À mesure que l’âge tenaille le maestro, il lui semble que les cycles de la nature lui importent davantage. Ainsi que dans sa jeunesse, quand il partait à l’assaut des montagnes et qu’il percevait les saisons comme des mouvements de grandes symphonies. Le printemps comme commencement, où l’on sent les sèves de l’amour monter en des notes sûres, puissantes et radieuses. L’été, avec ces éclats de cuivres, comme une gloire qui éclate de fécondité. La vie dépend de la chaleur. L’automne soupire, comme un recueillement dans sa beauté déjà sombre, empourprée sous une lumière déchirante. Et l’hiver, enfin, un long lamento de violons qui gémissent presque. La terre, à nouveau stérile et glacée pareille aux grandes étendues de Prusse. L’hiver semble sceller un destin. Une fin. La victoire de la mort. Furtwängler a bien cru que ce triomphe-là était arrivé le 11 novembre 1918, quand le peuple brisé est rentré de la guerre. Mais la lumière est revenue. Avant de disparaître à nouveau de cette vieille terre que les ravages ont épuisée. L’Allemagne était encore jeune, mais les pays qu’elle couvrait de son nom étaient vieux, accablés par l’histoire, déjà blessés par tant de guerres et de rancœurs. Mon pays va de la grandeur au déclin, songe-t-il. Il se redressera, par son génie du renouveau !

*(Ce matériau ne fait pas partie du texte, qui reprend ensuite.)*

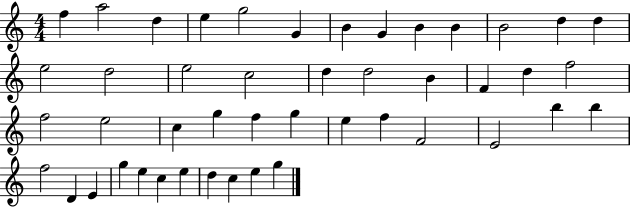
{
  \clef treble
  \numericTimeSignature
  \time 4/4
  \key c \major
  f''4 a''2 d''4 | e''4 g''2 g'4 | b'4 g'4 b'4 b'4 | b'2 d''4 d''4 | \break e''2 d''2 | e''2 c''2 | d''4 d''2 b'4 | f'4 d''4 f''2 | \break f''2 e''2 | c''4 g''4 f''4 g''4 | e''4 f''4 f'2 | e'2 b''4 b''4 | \break f''2 d'4 e'4 | g''4 e''4 c''4 e''4 | d''4 c''4 e''4 g''4 | \bar "|."
}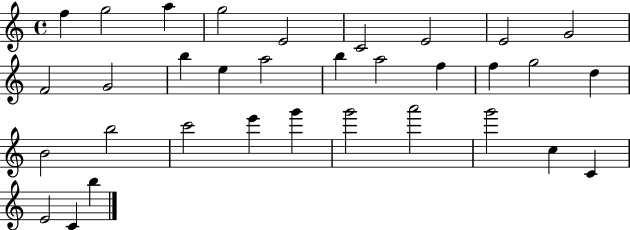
{
  \clef treble
  \time 4/4
  \defaultTimeSignature
  \key c \major
  f''4 g''2 a''4 | g''2 e'2 | c'2 e'2 | e'2 g'2 | \break f'2 g'2 | b''4 e''4 a''2 | b''4 a''2 f''4 | f''4 g''2 d''4 | \break b'2 b''2 | c'''2 e'''4 g'''4 | g'''2 a'''2 | g'''2 c''4 c'4 | \break e'2 c'4 b''4 | \bar "|."
}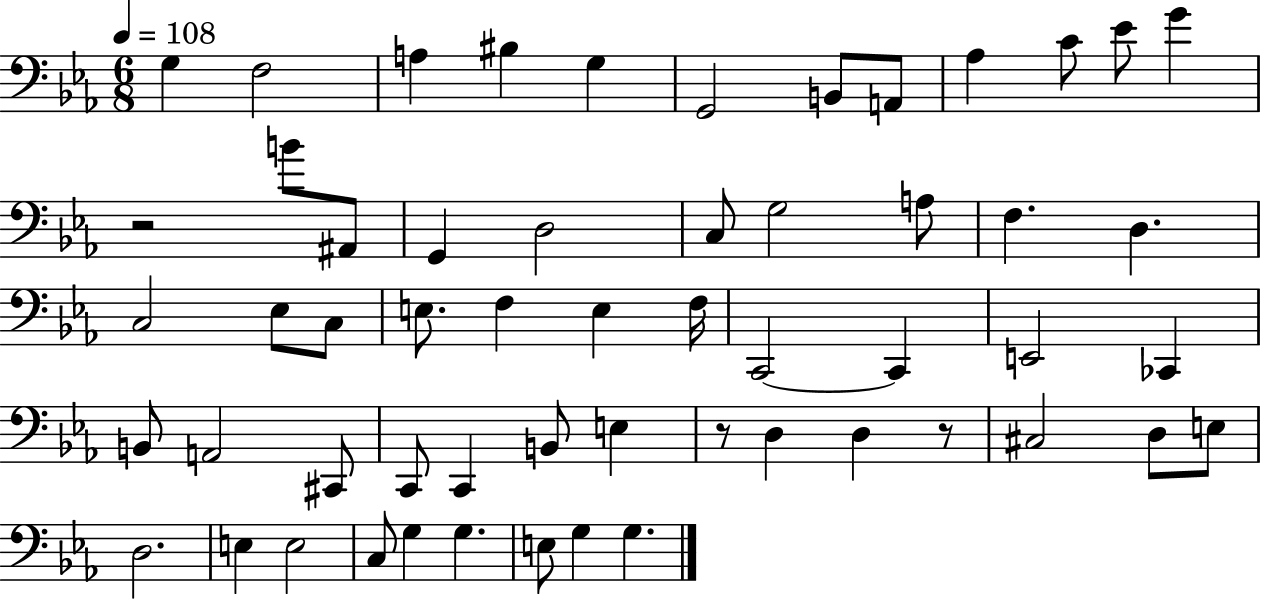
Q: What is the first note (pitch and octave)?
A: G3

Le musicien regarde la partition sur laquelle il a tracé quelques accords.

— Tu n’es plus qu’un homme qui entre dans l’hiver, dit-il à haute voix. Mais dans l’ombre, il y a toujours la lueur de l’espérance !

37

Furtwängler a longuement discuté avec le directeur du Théâtre royal de Copenhague. Il a fallu justifier ce qu’il veut tenir caché. Ne pas dire qu’il entend de moins en moins certains instruments et qu’une douleur dans la poitrine le fait tousser, souvent. Trop souvent. Des quintes secouent tout son être aussi fort que fragile, né des passions et qui ne sait pas s’attarder à vivre. Un être usé par les colères du siècle.

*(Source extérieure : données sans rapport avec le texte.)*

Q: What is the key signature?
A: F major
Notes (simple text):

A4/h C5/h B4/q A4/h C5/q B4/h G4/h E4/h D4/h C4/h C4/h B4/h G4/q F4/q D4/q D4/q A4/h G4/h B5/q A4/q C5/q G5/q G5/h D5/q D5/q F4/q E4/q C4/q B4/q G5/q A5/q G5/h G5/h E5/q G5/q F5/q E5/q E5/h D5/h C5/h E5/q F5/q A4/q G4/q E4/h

Tout ça a commencé par une sorte de bronchite mal soignée. Gravement, le médecin a prescrit des antibiotiques, des médicaments mystérieux qui rendent sourds. C’était ça ou la mort.

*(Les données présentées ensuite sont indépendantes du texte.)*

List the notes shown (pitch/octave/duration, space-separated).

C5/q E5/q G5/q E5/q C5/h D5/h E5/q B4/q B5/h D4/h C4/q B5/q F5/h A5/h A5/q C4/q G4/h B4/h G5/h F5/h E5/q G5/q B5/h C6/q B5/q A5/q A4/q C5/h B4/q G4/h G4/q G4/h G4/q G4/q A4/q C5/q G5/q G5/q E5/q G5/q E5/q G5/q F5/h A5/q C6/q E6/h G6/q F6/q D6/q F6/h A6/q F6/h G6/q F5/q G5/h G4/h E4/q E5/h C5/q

— Ce n’est que passager, a dit le médecin. Une fois passé ce traitement, tout redeviendra normal.

Et puis, rien n’a passé, le mal est entré comme un dieu sombre, a pénétré son cerveau et pris tout son être. Furtwängler a songé un instant au destin. Amor fati ! Aime ton destin, aime ta destinée, accepte tout ce qui t’arrive. Paroles de philosophe, du blabla. Comment aimer un devenir décousu ? Il ne faut jamais se résigner, ni obéir comme un serf aux événements. Le fatalisme, ce sont des chaînes qu’il faut briser. Tu n’as pas ton libre arbitre ! Foutaises, tout ça. Les juges se sont trompés, après la guerre, quand ils l’ont fait comparaître. « Vous étiez libre de ne pas servir les démons », criaient-ils, droits, avec leur morale et leurs condamnations. Rien n’est simple.

Le destin l’a maudit une première fois, il le frappe une deuxième. Aime ta destinée, ça t’empêchera d’être son esclave. Il a continué à diriger, d’instinct et par cœur. Mais il est vaincu. Le destin, c’est toujours lui qui gagne.

— Pour la première fois de ma vie, a-t-il déclaré d’une voix froide au directeur de l’Opéra de Copenhague, je dois annuler pour des raisons personnelles. Cela ne m’était jamais arrivé.

— Prenez encore le temps de la réflexion.